SOURCE DATA.

▬▬▬▬▬▬

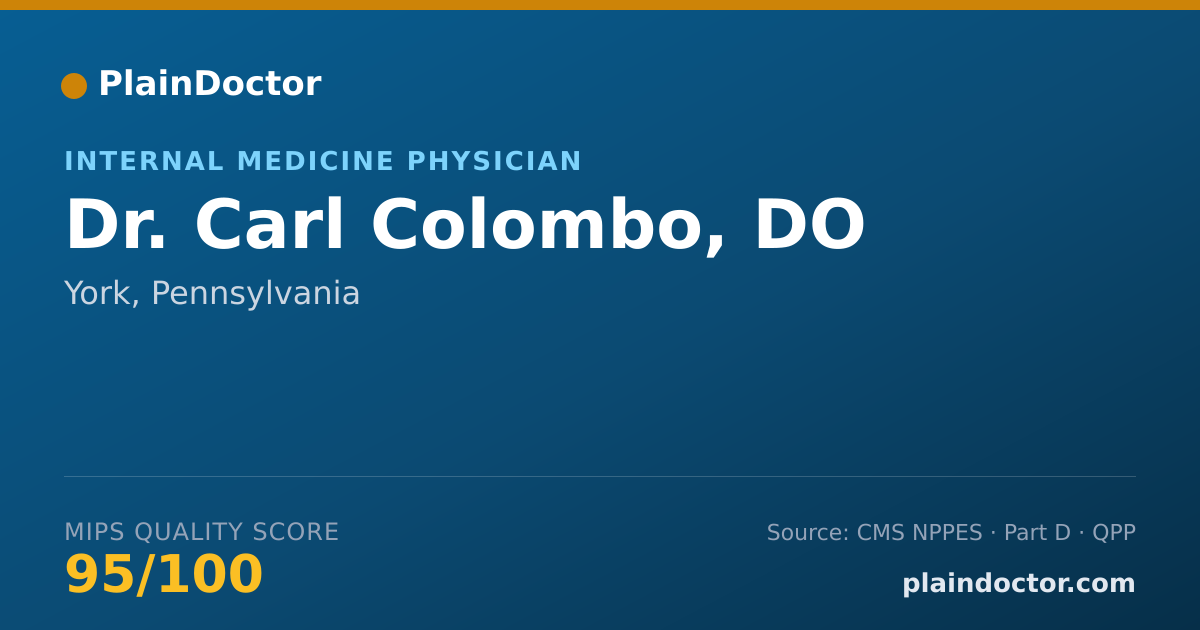 Shareable card for Carl Colombo, DO - Critical Care Medicine (Internal Medicine) Physician, York, PA
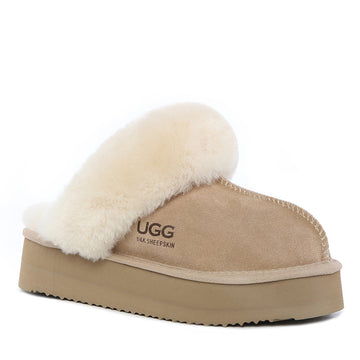 Fluffy Strappy Platform Scuff Uggs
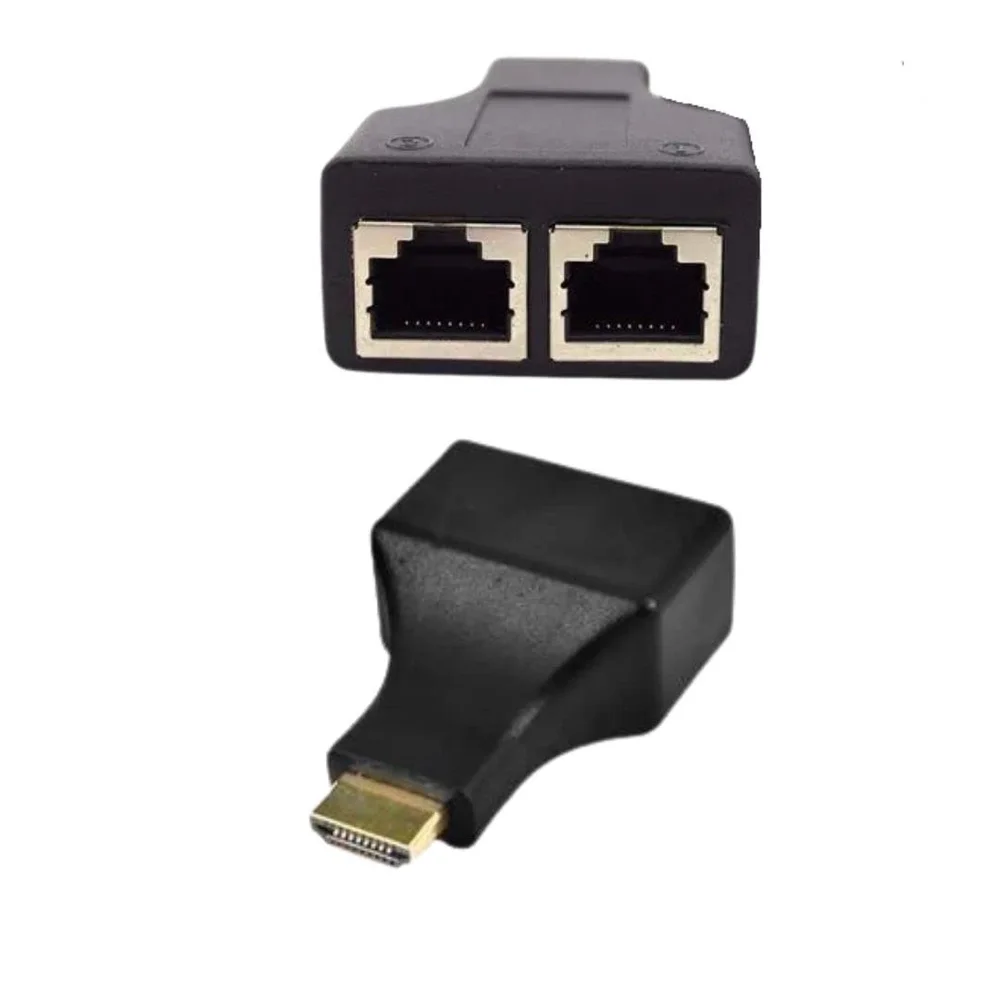 Adaptador Extensor HDMI 3D até 30 Metros com 2 Cabos de Rede RJ45 Cat5e/6 Alta Definição para Projetores TVs e Sistemas de Home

▬▬▬▬▬▬

WHAT YOU ARE ASKED TO DO. What you return should match the material word for word, apart from the pictures.

OUTPUT OF THE TASK.
 Shareable card for Carl Colombo, DO - Critical Care Medicine (Internal Medicine) Physician, York, PA
 Fluffy Strappy Platform Scuff Uggs
 Adaptador Extensor HDMI 3D até 30 Metros com 2 Cabos de Rede RJ45 Cat5e/6 Alta Definição para Projetores TVs e Sistemas de Home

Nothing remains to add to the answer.